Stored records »
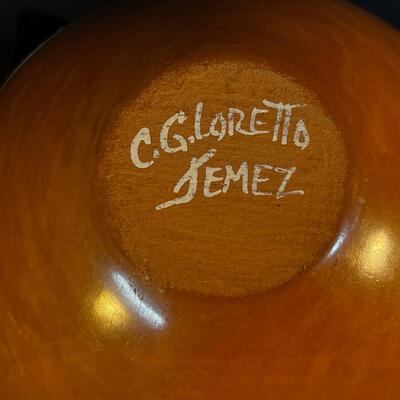 Native American pot Signed C G Loretto Jemez Pueblo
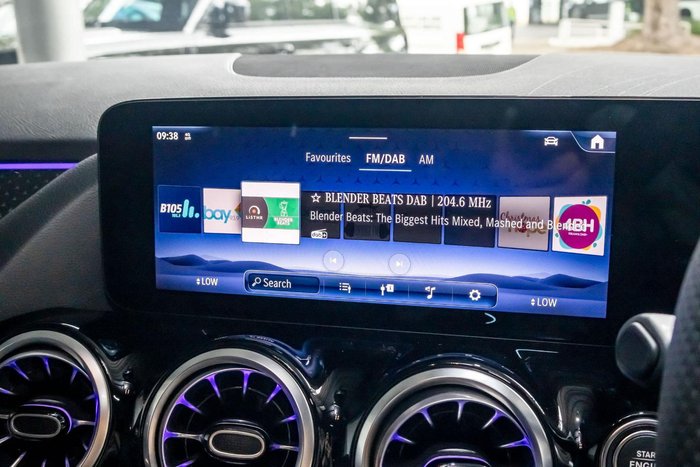 2025 Mercedes-Benz GLA-Class GLA200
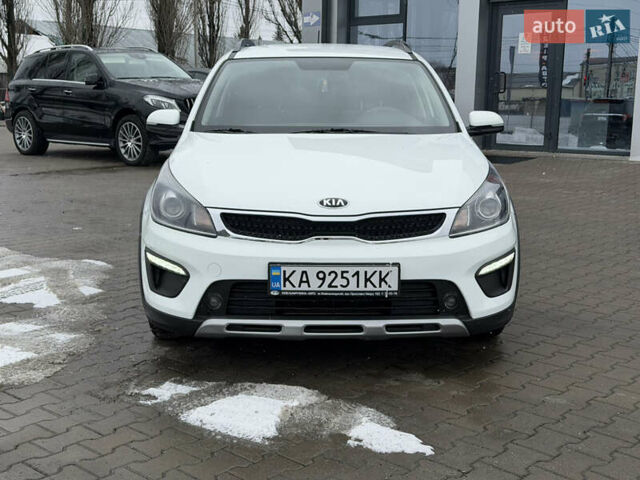 Белый Киа Rio X-Line, объемом двигателя 1.6 л и пробегом 82 тыс. км за 15999 $, фото 2 на Automoto.ua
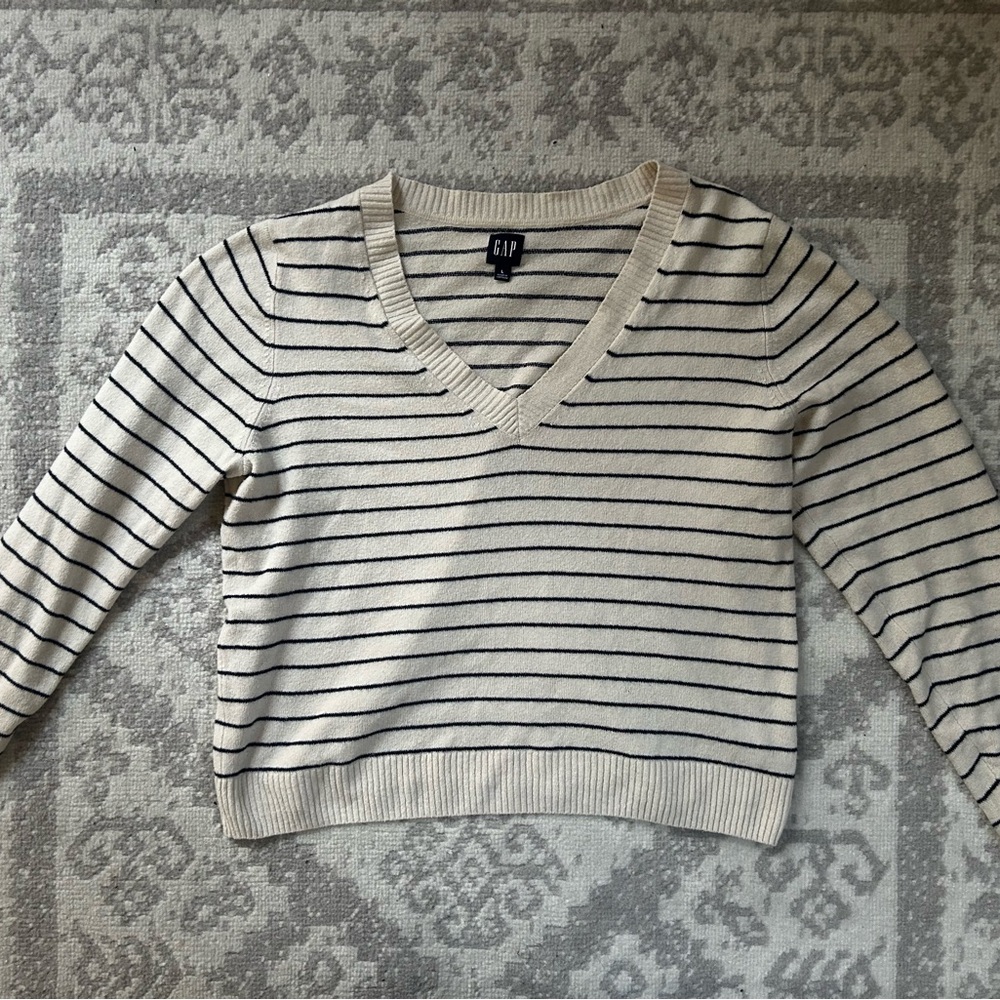 GAP Women's Striped V-Neck Sweater in Cream and Navy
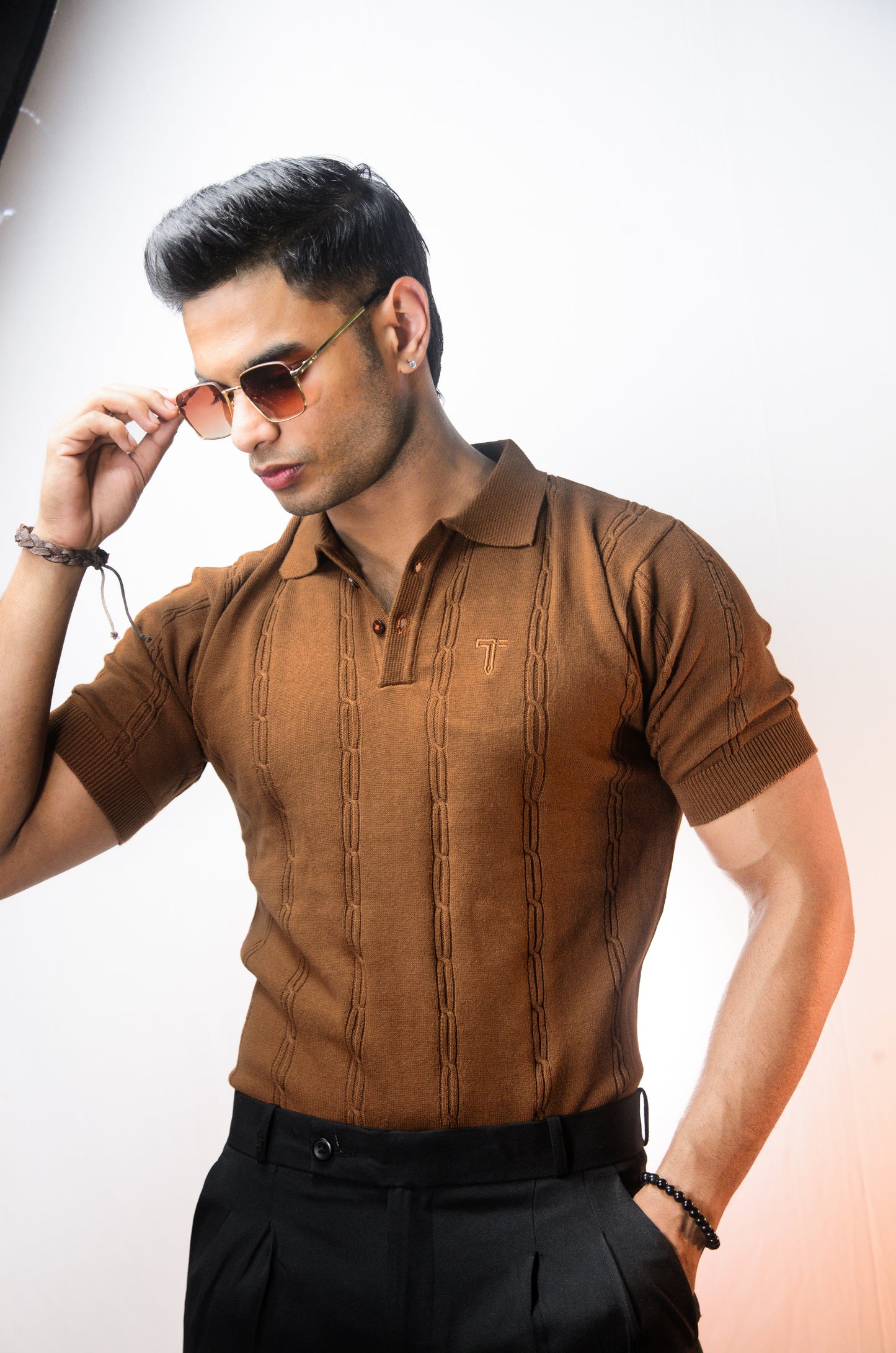 The Noiré Half Sleeve Polo - BROWN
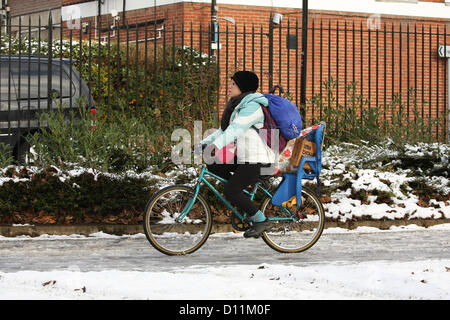 Chelmsford Essex, 5 dicembre 2012, l'inizio di dicembre la caduta di neve copre il Central Park, Chelmsford Foto Stock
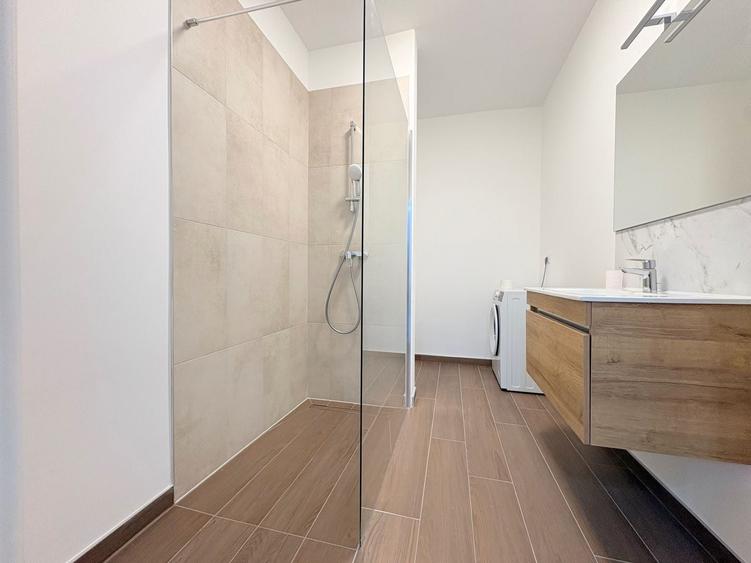 Apartament cu 2 camere decomandat, mobilat în Torontalului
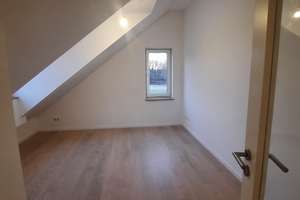 Kleines modernes Quadro Haus in ruhiger grüner Lage, Nähe Allacher Lohe – Pasteurstr. 43 C, 80997 Allach, München – Vorschaubild 11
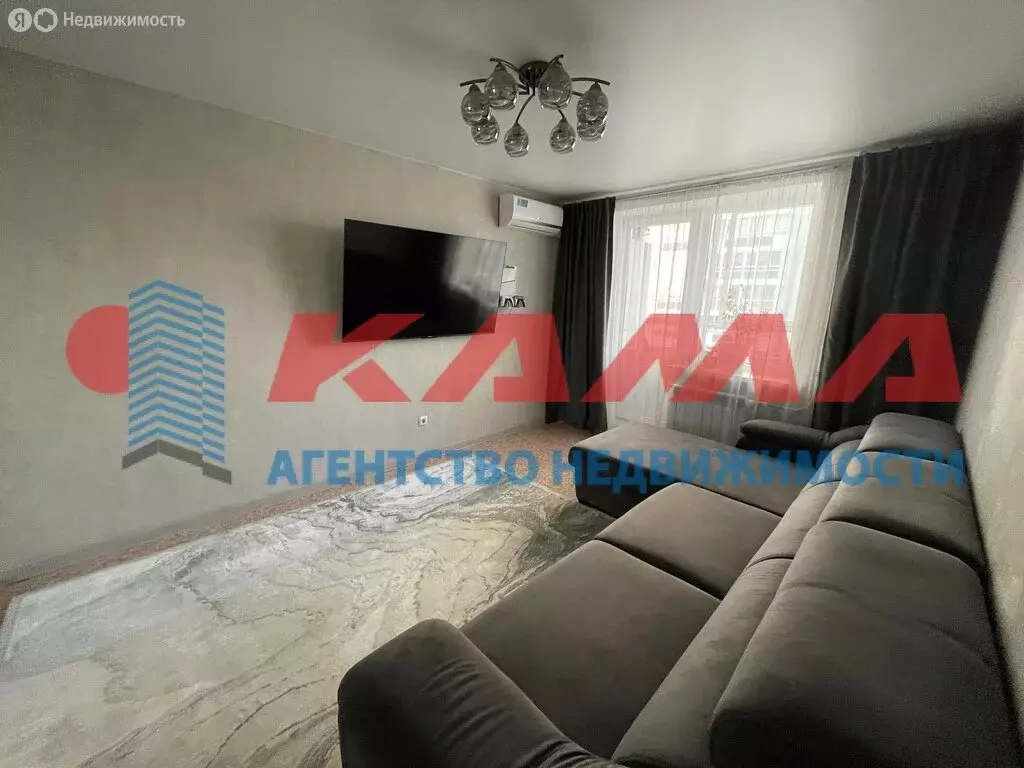 2-комнатная квартира: Набережные Челны, улица Аделя Кутуя, 6 (64 м) - Фото 1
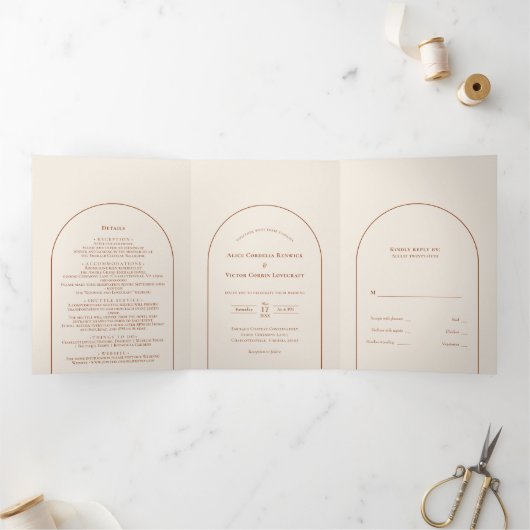 Simple Boho Arch Ivory Wedding Dreifach Gefaltete Einladung (Innenseite)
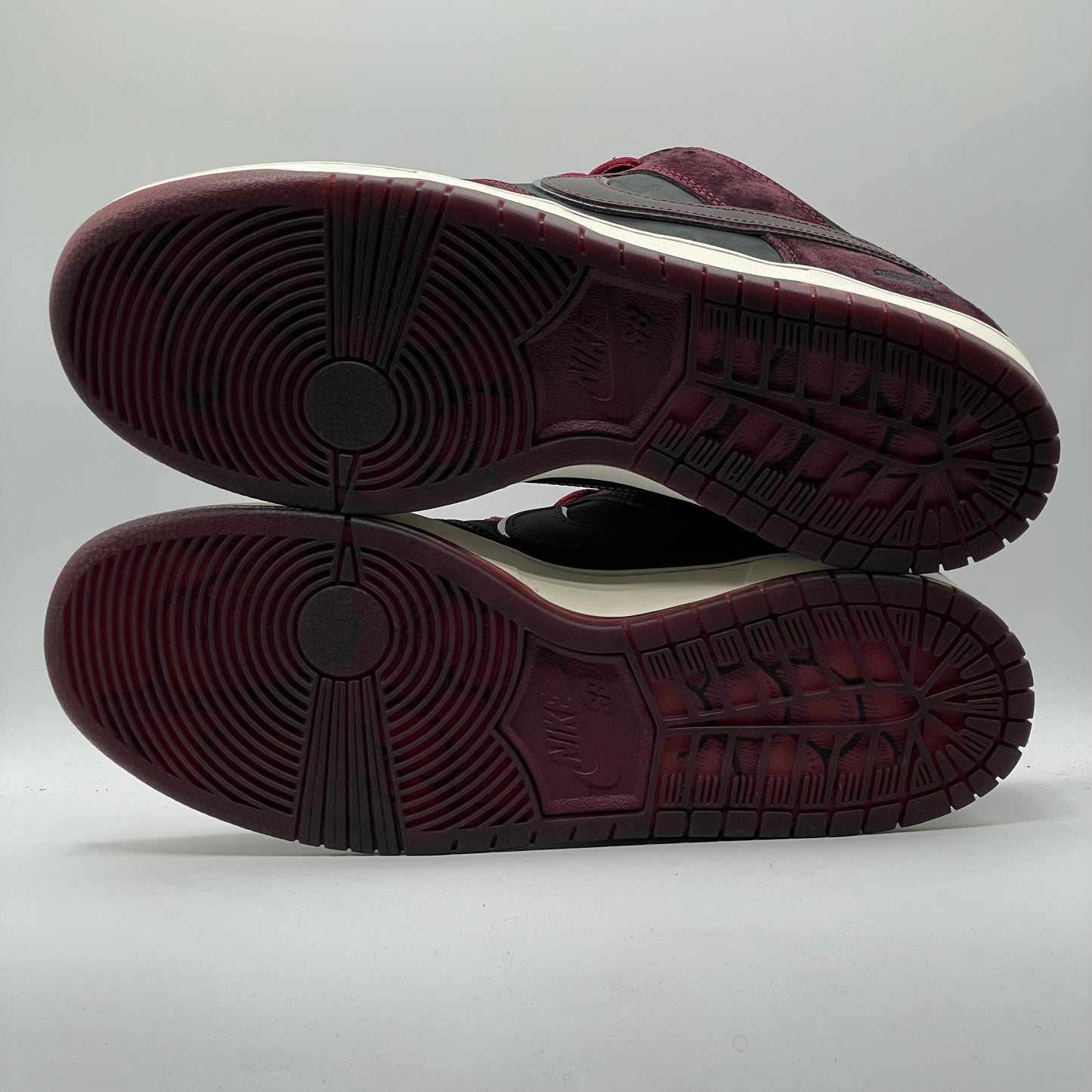 (USED) Nike SB Dunk Low Riot Size 12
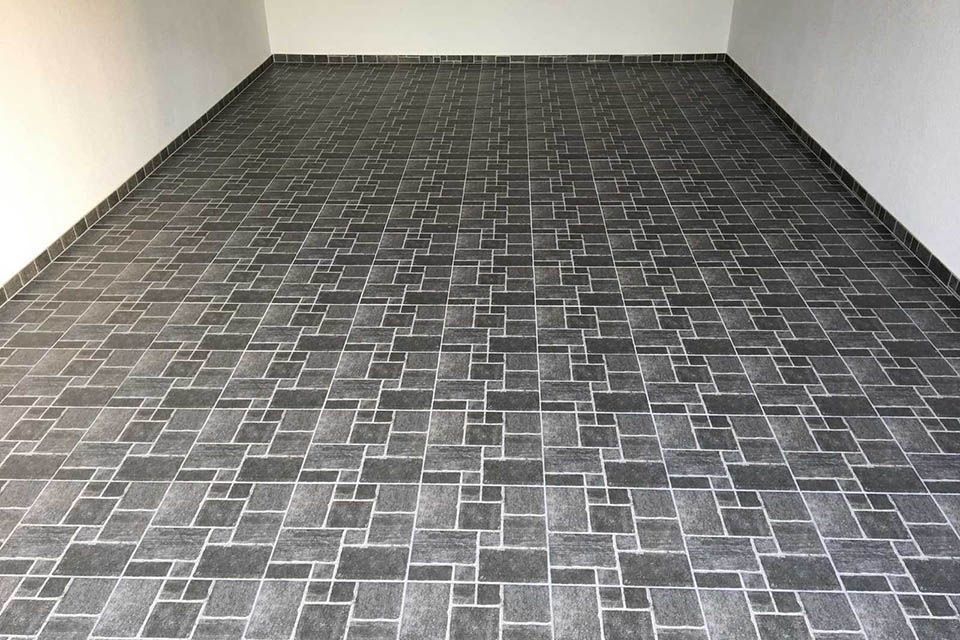 Mitarbeiter von Keramik & Bau Service GmbH verputzt Boden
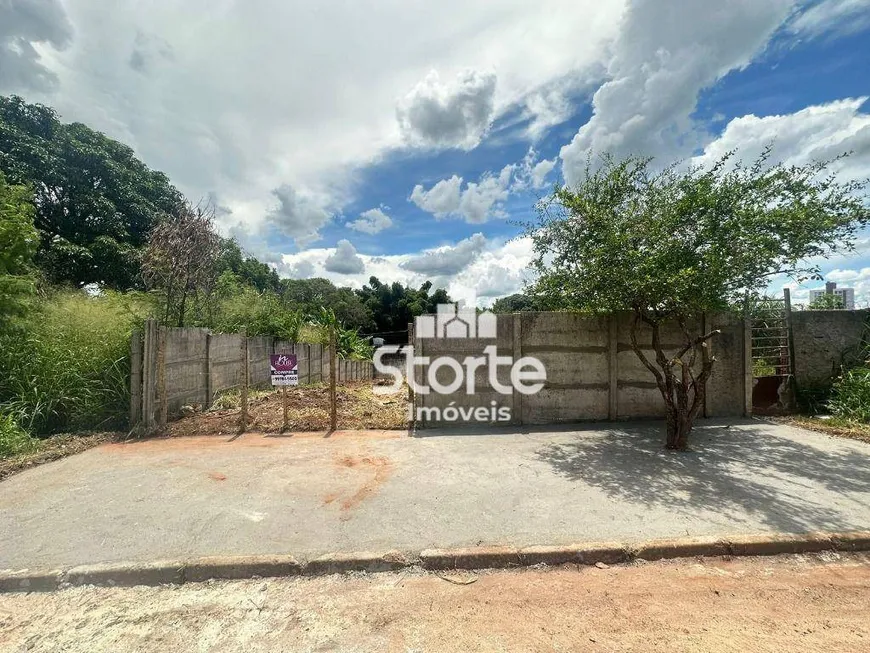 Foto 1 de Lote/Terreno à venda, 250m² em Aclimacao, Uberlândia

Problem description » When pictures appear in the records above, leave them out and reproduce exactly each line from the first through the line containing "Apartament cu 2", both included.

Answer to the exercise »
 Native American pot Signed C G Loretto Jemez Pueblo
 2025 Mercedes-Benz GLA-Class GLA200
 Белый Киа Rio X-Line, объемом двигателя 1.6 л и пробегом 82 тыс. км за 15999 $, фото 2 на Automoto.ua
 GAP Women's Striped V-Neck Sweater in Cream and Navy
 The Noiré Half Sleeve Polo - BROWN
 Chelmsford Essex, 5 dicembre 2012, l'inizio di dicembre la caduta di neve copre il Central Park, Chelmsford Foto Stock
 Apartament cu 2 camere decomandat, mobilat în Torontalului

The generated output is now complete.